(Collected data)
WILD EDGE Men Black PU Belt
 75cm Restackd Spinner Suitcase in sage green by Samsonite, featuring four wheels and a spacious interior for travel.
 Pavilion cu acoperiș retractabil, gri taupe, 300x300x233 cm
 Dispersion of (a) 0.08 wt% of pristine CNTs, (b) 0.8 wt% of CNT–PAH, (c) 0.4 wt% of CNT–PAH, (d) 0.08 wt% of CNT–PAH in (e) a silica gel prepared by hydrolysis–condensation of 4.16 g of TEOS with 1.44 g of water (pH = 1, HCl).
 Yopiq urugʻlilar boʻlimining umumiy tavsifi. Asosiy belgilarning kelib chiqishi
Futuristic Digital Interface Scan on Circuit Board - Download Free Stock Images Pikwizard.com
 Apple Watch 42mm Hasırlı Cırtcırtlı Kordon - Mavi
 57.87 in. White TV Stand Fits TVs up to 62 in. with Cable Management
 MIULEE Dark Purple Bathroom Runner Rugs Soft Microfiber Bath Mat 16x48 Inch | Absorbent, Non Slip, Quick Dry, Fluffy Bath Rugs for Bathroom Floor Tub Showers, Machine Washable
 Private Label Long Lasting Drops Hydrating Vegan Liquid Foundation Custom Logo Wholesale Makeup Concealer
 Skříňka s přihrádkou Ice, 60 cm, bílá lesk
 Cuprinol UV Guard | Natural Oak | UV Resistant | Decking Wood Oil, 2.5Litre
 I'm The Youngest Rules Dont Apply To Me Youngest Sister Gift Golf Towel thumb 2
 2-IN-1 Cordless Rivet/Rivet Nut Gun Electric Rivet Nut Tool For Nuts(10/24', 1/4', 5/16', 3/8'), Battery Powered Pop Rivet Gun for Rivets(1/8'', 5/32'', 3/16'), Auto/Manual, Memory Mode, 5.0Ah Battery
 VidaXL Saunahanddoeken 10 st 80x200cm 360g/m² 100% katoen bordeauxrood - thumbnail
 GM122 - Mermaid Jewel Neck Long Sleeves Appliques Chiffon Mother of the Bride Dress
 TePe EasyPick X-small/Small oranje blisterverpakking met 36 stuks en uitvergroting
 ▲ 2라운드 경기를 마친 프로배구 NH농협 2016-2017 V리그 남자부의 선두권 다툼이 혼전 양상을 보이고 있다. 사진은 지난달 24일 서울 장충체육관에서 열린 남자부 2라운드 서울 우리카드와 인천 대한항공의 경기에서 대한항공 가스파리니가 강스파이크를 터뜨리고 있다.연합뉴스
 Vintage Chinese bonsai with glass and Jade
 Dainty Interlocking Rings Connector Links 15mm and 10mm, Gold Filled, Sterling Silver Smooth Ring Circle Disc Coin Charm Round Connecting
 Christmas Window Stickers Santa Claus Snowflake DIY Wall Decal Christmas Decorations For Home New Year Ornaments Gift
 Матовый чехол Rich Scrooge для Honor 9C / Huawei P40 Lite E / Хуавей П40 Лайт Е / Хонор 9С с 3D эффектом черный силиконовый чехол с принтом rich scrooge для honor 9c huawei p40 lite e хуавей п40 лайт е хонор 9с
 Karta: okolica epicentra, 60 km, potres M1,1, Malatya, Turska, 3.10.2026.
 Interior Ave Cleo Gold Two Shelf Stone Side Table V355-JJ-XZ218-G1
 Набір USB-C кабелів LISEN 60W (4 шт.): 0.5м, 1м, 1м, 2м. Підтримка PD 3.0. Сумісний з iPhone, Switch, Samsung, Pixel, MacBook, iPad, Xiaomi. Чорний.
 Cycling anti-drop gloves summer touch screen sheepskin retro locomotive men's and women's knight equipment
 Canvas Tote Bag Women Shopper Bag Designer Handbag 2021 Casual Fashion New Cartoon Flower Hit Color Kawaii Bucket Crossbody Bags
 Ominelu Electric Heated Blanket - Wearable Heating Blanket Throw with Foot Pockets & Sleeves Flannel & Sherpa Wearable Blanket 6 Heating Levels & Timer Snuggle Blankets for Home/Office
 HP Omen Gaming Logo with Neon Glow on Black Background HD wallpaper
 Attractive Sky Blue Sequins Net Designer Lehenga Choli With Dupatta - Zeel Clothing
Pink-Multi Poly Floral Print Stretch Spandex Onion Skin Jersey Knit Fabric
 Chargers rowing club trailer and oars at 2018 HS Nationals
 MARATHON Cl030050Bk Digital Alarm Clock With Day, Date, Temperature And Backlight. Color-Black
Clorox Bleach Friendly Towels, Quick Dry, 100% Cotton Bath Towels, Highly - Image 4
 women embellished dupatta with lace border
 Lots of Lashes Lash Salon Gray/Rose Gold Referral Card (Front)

• _Exercise details_
Each line above from the one with "Pavilion cu acoperiș" up to and including the one with "I'm The Youngest" must be set down exactly, and no line outside that span may appear.

• _Exercise output_
 Pavilion cu acoperiș retractabil, gri taupe, 300x300x233 cm
 Dispersion of (a) 0.08 wt% of pristine CNTs, (b) 0.8 wt% of CNT–PAH, (c) 0.4 wt% of CNT–PAH, (d) 0.08 wt% of CNT–PAH in (e) a silica gel prepared by hydrolysis–condensation of 4.16 g of TEOS with 1.44 g of water (pH = 1, HCl).
 Yopiq urugʻlilar boʻlimining umumiy tavsifi. Asosiy belgilarning kelib chiqishi
Futuristic Digital Interface Scan on Circuit Board - Download Free Stock Images Pikwizard.com
 Apple Watch 42mm Hasırlı Cırtcırtlı Kordon - Mavi
 57.87 in. White TV Stand Fits TVs up to 62 in. with Cable Management
 MIULEE Dark Purple Bathroom Runner Rugs Soft Microfiber Bath Mat 16x48 Inch | Absorbent, Non Slip, Quick Dry, Fluffy Bath Rugs for Bathroom Floor Tub Showers, Machine Washable
 Private Label Long Lasting Drops Hydrating Vegan Liquid Foundation Custom Logo Wholesale Makeup Concealer
 Skříňka s přihrádkou Ice, 60 cm, bílá lesk
 Cuprinol UV Guard | Natural Oak | UV Resistant | Decking Wood Oil, 2.5Litre
 I'm The Youngest Rules Dont Apply To Me Youngest Sister Gift Golf Towel thumb 2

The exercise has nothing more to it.